Yes, this book is real.
Having reached the age where the Grim Reaper starts knocking on their door with a big grin on his face, American boomers are looking for one last way to kick their children in the teeth before expiring.
It’s a tough decision, for sure. After you’ve decimated the economy, plundered the land’s natural resources and left the nation on the brink of the bloodiest racial war in existence, there isn’t much left to tick off on the “to do” list.
Hmm… how about teaching English to Israelis? Your generation always worked hand-in-hand with them, after all, and young kikes need to know how to pronounce terms like “anti-Semitism” and “six million” if they intend to keep subverting the West!
There’s no reason Hodaya Koskas and Barrett Brickell would know each other.
Koskas, 14, is a high school student from a small city in central Israel who takes ballet classes and hopes to be a dancer. Brickell, 71, is a retired schoolteacher from Ottawa, Canada.
…
The Israeli teen and the Canadian retiree are participants in Israel Connect, a program where older North American adults tutor Israeli kids in English once a week via video chat. For seniors like Brickell, the program is a relatively easy way to connect with Israel and help kids. For kids like Koskas, the sessions expand their vocabulary, improve their pronunciation and introduce them to North American culture (she now knows how to pronounce “read” in the past tense, for example).
Of all the countries in the world that are begging for native English speakers, these boomers choose Israel. Not Ukraine, or Italy, or Poland or countless other white nations with established online teaching programs.
Israel.
The same Israel that attacked the USS Liberty, organized 9/11 and invented the Holohoax. That’s the country whose kids should be educated for free (yes, this is voluntary).
*Clink*
The program began in 2011 as a side project of Sarah Gordon, a Canadian with Israeli parents who taught Hebrew in Ottawa. A former classmate of Gordon who taught English in Israel told her about some of her Arab-Israeli students who were struggling to pick up what would be their third language. So Gordon matched them with Canadian seniors she knew who could tutor them from afar.
Since then, Israel Connect has mushroomed. It spread to Toronto and a few areas in the United States, from New Jersey to Baltimore to Florida. It now has 400 volunteer tutors, mostly baby boomers and older, and 500 Israeli high school students from 35 schools. Gordon said baby boomers are a good fit because they wake up early and tend to have free time.
You mean that the boomers’ worshipful attitude toward Israel, acquired from consuming tens of thousands of hours of mainstream media, didn’t influence your decision, Sarah? Because I think it did.

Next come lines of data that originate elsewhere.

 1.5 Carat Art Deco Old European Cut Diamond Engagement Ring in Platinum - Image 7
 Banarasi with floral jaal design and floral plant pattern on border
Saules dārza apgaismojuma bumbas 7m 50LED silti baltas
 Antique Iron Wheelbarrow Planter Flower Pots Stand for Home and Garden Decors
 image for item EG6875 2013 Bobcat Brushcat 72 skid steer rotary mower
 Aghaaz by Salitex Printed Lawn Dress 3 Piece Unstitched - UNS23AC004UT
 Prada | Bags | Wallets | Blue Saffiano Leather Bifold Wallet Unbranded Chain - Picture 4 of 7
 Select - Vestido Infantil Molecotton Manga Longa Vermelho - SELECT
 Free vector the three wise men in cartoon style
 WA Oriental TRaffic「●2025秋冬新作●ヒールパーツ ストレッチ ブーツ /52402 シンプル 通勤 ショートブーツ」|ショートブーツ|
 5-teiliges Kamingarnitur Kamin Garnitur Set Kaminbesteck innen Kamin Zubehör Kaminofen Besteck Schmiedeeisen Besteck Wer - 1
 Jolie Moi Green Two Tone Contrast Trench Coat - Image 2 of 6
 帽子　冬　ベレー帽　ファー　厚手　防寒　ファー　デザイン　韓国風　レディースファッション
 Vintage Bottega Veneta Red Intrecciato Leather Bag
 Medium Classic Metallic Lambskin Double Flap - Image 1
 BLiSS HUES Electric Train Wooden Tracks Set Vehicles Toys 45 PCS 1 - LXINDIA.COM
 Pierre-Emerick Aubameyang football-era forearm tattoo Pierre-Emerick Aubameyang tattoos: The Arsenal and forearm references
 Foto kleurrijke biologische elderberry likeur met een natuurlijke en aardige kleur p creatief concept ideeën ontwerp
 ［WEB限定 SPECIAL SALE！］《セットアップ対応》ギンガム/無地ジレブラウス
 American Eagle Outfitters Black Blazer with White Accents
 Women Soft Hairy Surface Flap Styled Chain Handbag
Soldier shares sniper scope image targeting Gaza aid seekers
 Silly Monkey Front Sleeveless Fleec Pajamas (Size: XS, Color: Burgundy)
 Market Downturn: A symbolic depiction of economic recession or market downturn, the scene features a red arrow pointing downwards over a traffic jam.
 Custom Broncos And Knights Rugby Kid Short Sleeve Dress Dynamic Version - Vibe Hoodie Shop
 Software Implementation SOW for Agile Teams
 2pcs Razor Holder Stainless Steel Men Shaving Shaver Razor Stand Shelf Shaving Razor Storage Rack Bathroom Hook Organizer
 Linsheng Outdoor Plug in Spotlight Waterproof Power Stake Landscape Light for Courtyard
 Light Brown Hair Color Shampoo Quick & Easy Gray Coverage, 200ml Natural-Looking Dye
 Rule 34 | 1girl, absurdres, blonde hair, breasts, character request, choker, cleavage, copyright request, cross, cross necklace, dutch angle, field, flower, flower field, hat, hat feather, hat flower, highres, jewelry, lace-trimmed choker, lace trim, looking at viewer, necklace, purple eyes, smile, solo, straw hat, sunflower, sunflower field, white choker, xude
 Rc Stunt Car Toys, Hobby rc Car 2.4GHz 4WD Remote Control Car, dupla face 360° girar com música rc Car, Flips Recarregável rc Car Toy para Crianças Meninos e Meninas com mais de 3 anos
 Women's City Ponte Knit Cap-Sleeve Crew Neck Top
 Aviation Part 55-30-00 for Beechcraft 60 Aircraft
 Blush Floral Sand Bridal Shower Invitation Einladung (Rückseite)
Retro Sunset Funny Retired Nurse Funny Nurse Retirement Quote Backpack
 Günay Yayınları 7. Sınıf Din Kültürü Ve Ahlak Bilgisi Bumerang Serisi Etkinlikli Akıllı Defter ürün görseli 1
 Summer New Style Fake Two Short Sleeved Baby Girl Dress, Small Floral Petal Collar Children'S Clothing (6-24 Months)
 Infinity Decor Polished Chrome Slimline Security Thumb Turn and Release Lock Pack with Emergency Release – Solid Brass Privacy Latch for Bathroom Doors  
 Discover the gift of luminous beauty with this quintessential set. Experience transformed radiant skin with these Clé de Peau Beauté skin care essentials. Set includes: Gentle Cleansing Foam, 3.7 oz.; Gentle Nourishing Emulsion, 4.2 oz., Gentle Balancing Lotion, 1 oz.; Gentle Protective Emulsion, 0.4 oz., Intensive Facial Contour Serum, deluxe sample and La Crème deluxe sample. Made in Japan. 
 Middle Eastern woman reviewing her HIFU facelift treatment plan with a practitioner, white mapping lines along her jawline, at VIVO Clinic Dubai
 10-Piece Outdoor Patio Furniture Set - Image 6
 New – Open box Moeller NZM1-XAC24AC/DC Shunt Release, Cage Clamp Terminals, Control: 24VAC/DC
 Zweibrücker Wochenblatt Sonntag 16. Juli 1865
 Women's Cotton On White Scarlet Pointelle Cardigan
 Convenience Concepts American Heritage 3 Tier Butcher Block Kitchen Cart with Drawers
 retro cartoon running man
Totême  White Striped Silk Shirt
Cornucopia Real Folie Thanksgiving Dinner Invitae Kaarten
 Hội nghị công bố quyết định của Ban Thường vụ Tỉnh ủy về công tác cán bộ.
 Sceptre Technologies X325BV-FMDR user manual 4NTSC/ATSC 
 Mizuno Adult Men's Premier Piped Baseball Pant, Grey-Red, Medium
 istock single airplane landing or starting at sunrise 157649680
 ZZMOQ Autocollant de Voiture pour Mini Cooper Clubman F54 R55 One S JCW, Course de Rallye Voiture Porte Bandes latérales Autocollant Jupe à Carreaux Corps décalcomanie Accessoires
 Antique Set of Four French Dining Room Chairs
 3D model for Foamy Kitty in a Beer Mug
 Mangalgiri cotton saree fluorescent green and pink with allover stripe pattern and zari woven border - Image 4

If I were an Israeli teen, I’d want to improve my English with someone my own age, not some out-of-touch old person who believes that Windows Explorer is gone forever when minimized.
Why not get some Generation Z teens to teach these Israelis instead?
Oh yeah, lol.
Volunteers say that aside from the tutoring, they enjoy having direct exposure to life in Israel through young people’s eyes. Beverly Grostern, a volunteer from Ottawa, took her first trip to Israel in decades after a year of tutoring an Israeli girl.
Eugh. This generation really is a lost cause.
I’m reminded of that quote from Based Black Man in The Matrix: “We never free a mind once it reaches a certain age. It’s dangerous, and the mind has trouble letting go.”
It might not be dangerous to inform the average boomer that Jews are imperfect beings, but it is pointless. After decades of single-pointed programming, the mind does seem to become “cemented” in its thinking, leaving little room for alternative viewpoints unless the individual is unusually strong-willed.
This is why the Daily Stormer and other propaganda outlets target the young. Kids are the future, yes, but their minds are also most open to new ideas – particularly if those ideas are rebellious and cool.